**Task statement**
When a record contains an image, skip the image and retype the rest of that record exactly.

▶

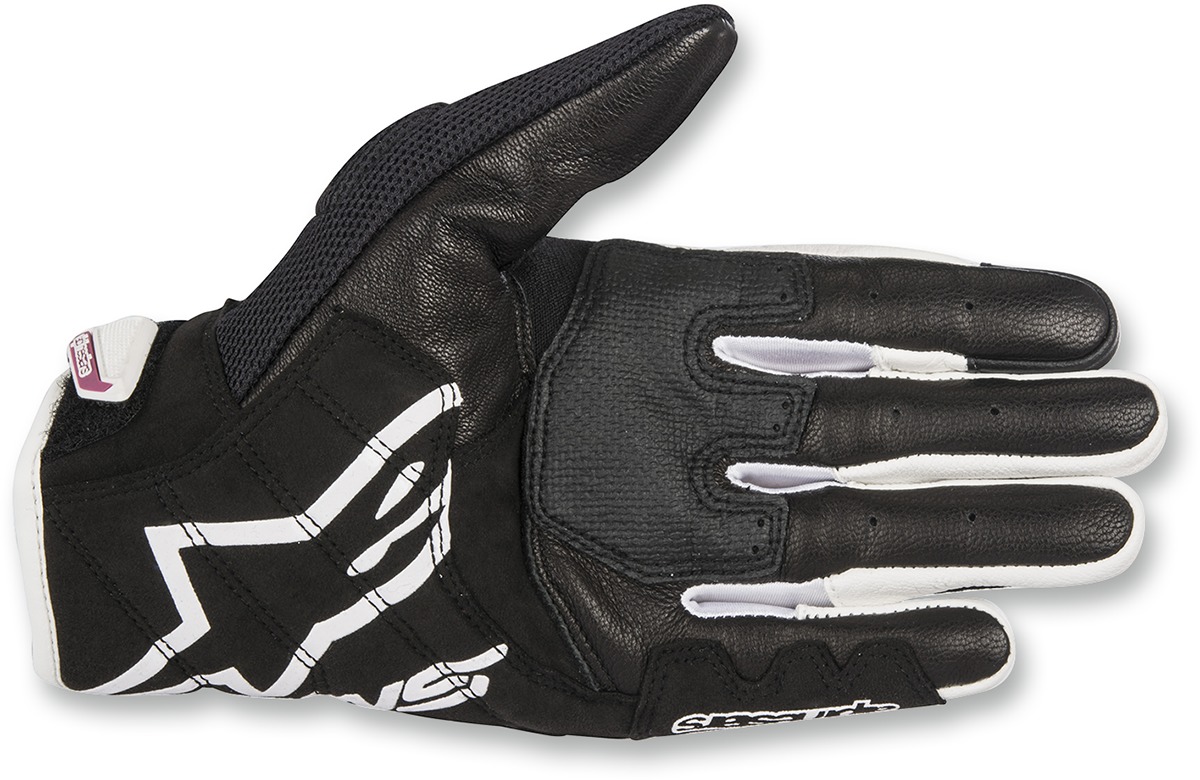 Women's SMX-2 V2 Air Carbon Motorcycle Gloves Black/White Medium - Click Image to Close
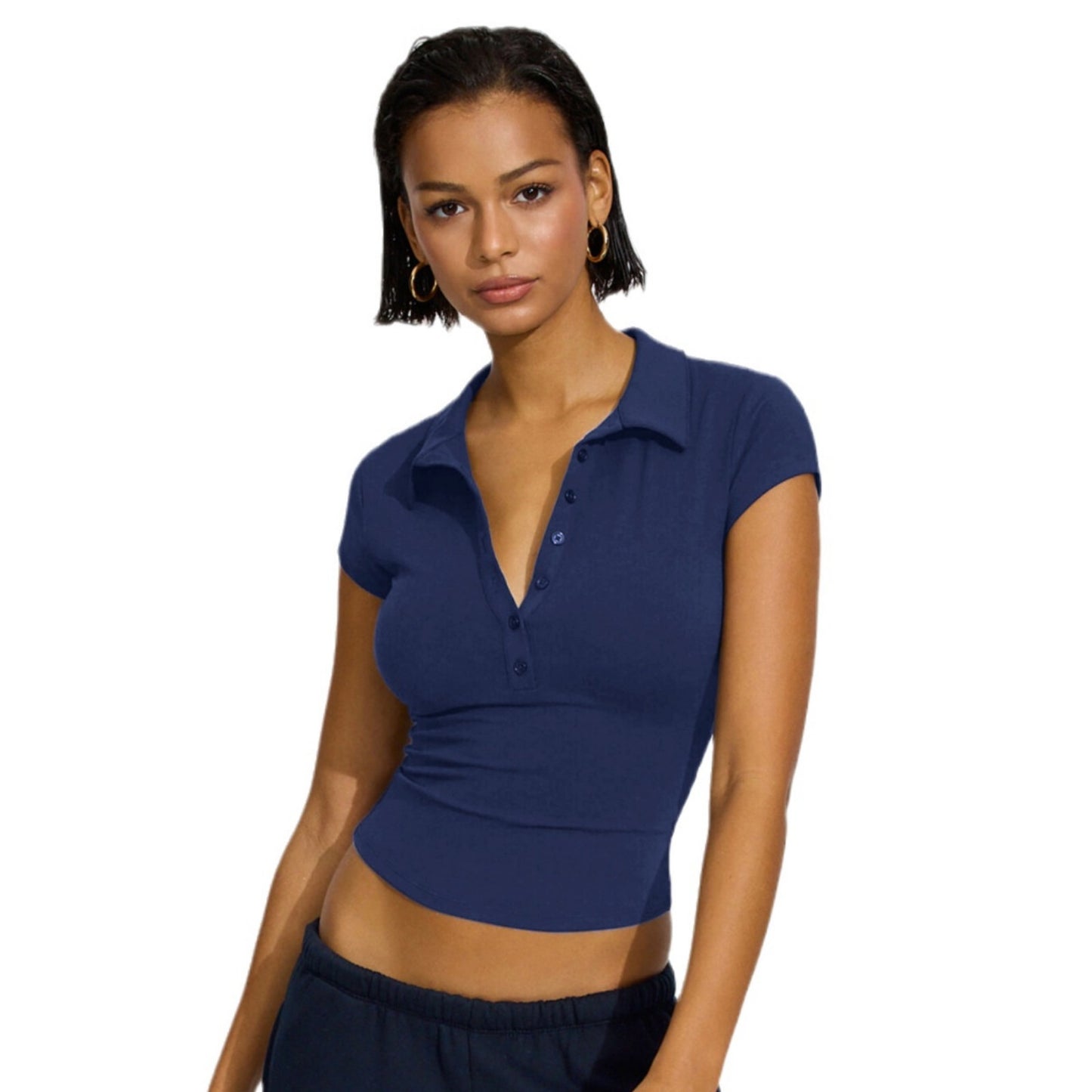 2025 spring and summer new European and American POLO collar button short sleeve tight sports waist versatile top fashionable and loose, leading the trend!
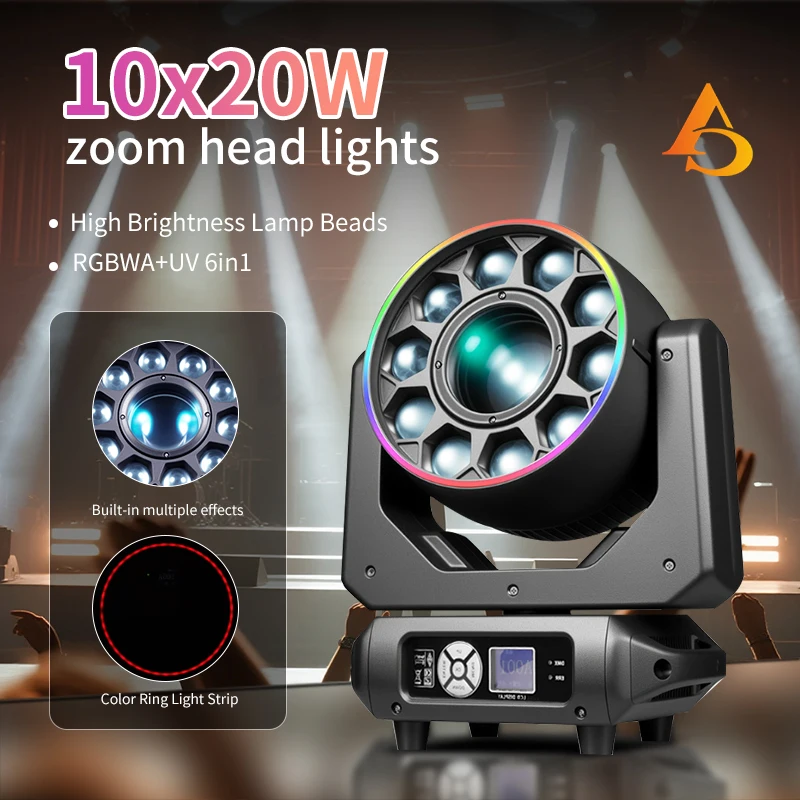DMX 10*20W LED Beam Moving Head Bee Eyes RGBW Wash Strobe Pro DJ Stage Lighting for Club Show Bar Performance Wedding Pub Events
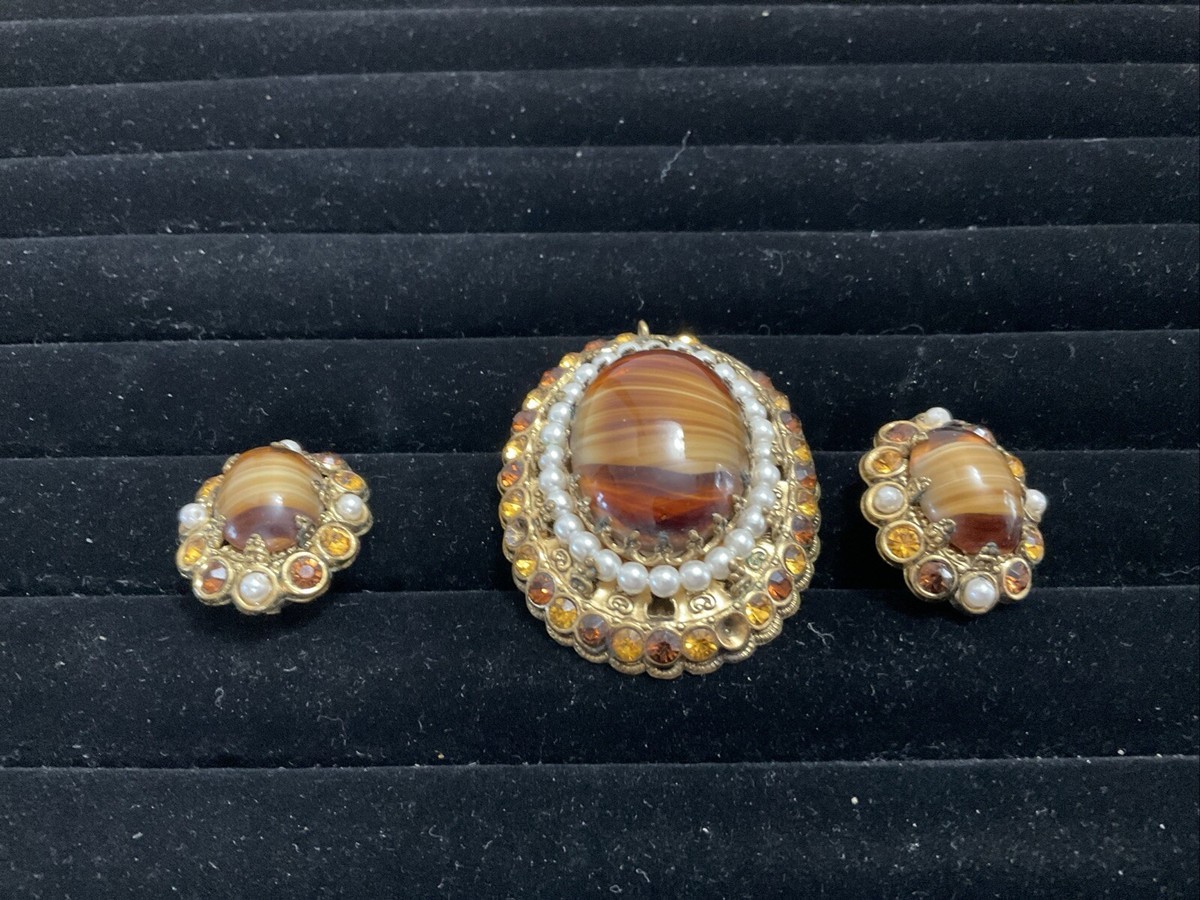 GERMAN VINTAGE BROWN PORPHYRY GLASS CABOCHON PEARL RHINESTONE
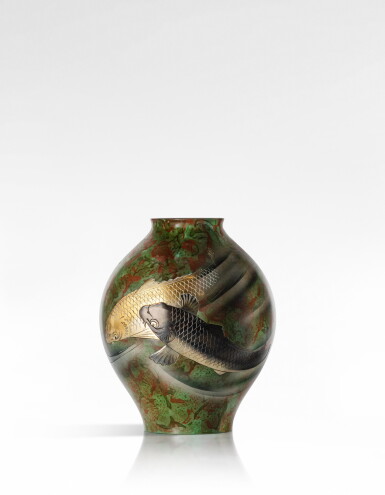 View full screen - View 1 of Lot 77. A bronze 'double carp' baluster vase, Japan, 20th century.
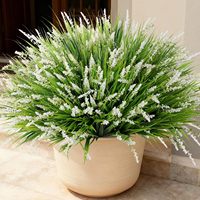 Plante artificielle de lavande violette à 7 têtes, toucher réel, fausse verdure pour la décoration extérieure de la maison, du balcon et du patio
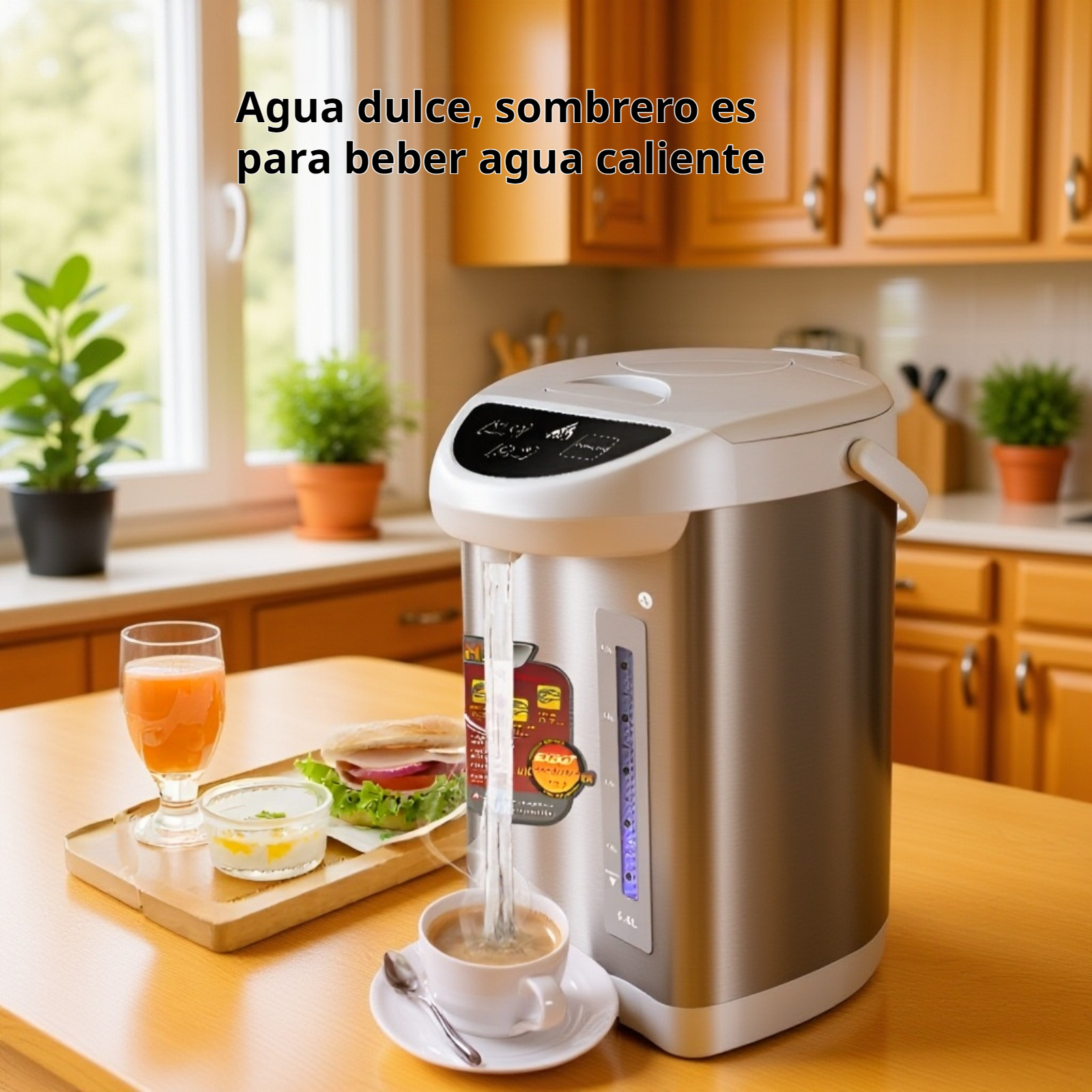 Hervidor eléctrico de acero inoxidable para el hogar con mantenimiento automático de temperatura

◀

**Your solution**
 Women's SMX-2 V2 Air Carbon Motorcycle Gloves Black/White Medium - Click Image to Close
 2025 spring and summer new European and American POLO collar button short sleeve tight sports waist versatile top fashionable and loose, leading the trend!
DMX 10*20W LED Beam Moving Head Bee Eyes RGBW Wash Strobe Pro DJ Stage Lighting for Club Show Bar Performance Wedding Pub Events
 GERMAN VINTAGE BROWN PORPHYRY GLASS CABOCHON PEARL RHINESTONE
 View full screen - View 1 of Lot 77. A bronze 'double carp' baluster vase, Japan, 20th century.
 Plante artificielle de lavande violette à 7 têtes, toucher réel, fausse verdure pour la décoration extérieure de la maison, du balcon et du patio
 Hervidor eléctrico de acero inoxidable para el hogar con mantenimiento automático de temperatura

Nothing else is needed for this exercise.